> **DATA SEGMENT**
────────────────

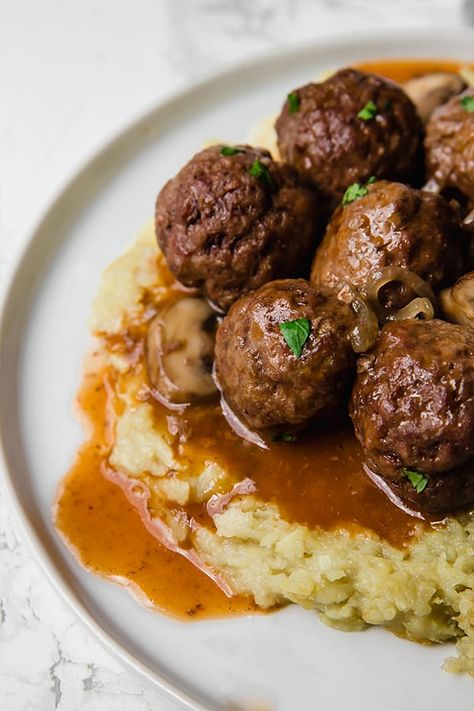 These Salisbury Steak Meatballs are a comforting meal to enjoy on a weeknight. They're gluten-free, paleo, whole30, and AIP friendly. Paleo Swedish Meatballs, Aip Foods, Salisbury Steak Meatballs, Everyday Dinners, Unbound Wellness, Food Eating, Paleo Beef, Autoimmune Protocol, Salisbury Steak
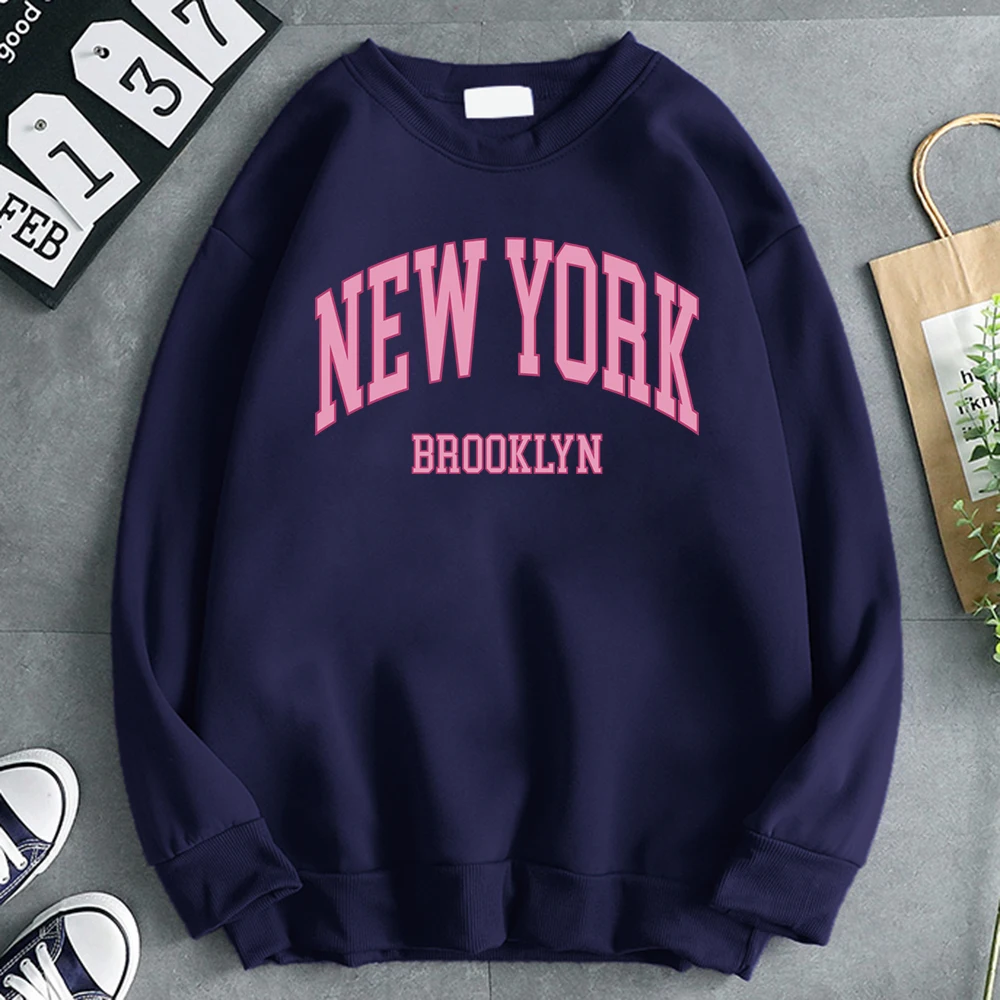 Jersey sencillo de tendencia, estampado de letras de la ciudad de Nueva York Brooklyn, con cuello redondo. - Image 10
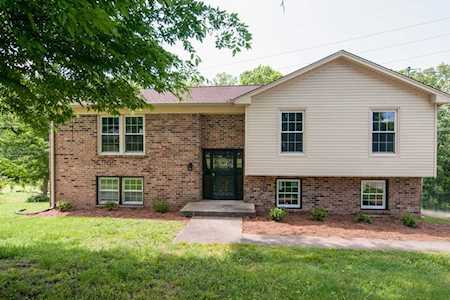 993 Windrowe Dr Nashville, TN 37205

────────────────

> **WORK INSTRUCTION**
Repeat the data exactly, excluding the pictures.

> **TASK ANSWER**
 These Salisbury Steak Meatballs are a comforting meal to enjoy on a weeknight. They're gluten-free, paleo, whole30, and AIP friendly. Paleo Swedish Meatballs, Aip Foods, Salisbury Steak Meatballs, Everyday Dinners, Unbound Wellness, Food Eating, Paleo Beef, Autoimmune Protocol, Salisbury Steak
 Jersey sencillo de tendencia, estampado de letras de la ciudad de Nueva York Brooklyn, con cuello redondo. - Image 10
 993 Windrowe Dr Nashville, TN 37205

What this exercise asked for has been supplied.